# Efficient Storage Schemes for Arbitrary Size Square Matrices in Parallel Processors with Shuffle-Exchange Networks

Rajendra V. Boppana and C. S. Raghavendra

Department of Electrical Engineering-Systems
University of Southern California, Los Angeles, CA 90089-0781

Abstract. We present storage schemes based on linear permutations to store and access  $N \times N$ , for any integer N, data arrays in parallel processors with shuffle-exchange type interconnection networks. For parallel access of the most important templates, namely, row, column, main diagonal, and square block, simple criteria are given based on the linear permutations involved. This is the first such solution to provide access of the important templates of arbitrary size square matrices without memory and network conflicts using minimum number of memory modules and a shuffle-exchange type network.
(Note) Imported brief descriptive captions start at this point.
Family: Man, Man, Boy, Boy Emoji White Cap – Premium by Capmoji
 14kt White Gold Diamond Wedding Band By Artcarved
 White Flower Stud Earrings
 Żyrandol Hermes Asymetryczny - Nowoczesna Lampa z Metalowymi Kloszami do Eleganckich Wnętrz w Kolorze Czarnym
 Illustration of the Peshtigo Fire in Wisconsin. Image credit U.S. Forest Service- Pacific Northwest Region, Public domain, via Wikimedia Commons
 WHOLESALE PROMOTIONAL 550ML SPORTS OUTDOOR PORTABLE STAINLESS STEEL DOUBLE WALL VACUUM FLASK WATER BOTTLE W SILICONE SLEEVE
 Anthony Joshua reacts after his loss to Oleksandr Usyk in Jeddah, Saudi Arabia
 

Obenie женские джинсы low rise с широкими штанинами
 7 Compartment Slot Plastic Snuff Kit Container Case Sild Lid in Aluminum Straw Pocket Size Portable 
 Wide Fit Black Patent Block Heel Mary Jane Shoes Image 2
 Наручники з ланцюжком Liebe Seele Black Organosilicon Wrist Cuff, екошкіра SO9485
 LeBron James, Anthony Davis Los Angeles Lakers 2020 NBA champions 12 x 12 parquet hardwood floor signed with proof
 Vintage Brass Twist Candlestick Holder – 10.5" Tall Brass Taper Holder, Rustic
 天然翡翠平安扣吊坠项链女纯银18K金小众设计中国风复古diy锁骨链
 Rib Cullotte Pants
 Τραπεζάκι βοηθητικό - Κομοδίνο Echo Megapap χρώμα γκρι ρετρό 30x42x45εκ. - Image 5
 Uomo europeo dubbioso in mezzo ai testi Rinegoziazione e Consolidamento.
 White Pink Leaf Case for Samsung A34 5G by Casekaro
Key words: data alignment, linear permutations, matrix storage, parallel memory systems, scrambled skewed storage, shuffle-exchange networks.

#### 1 Introduction

In parallel processors, access to shared data in the memory modules plays an important role in the overall performance. For specific problems, knowing the data access patterns by processors, one can allocate data to memory modules initially so that high parallelism can be achieved in data access at run time. By the parallel access of data, we mean that the access of data is free of memory conflicts (that is, no memory module contains more than one element of the data to be accessed) and interconnection network conflicts (that is, one pass through the interconnection network is sufficient to transfer data from processors to memory modules or vice versa). In this paper we address the problem of storing an  $m \times m$  matrix,  $m \geq N$ , in the N memory modules such that various N-(element) subsets (also called, templates) of the matrix are retrieved from memory modules without memory and interconnection network conflicts.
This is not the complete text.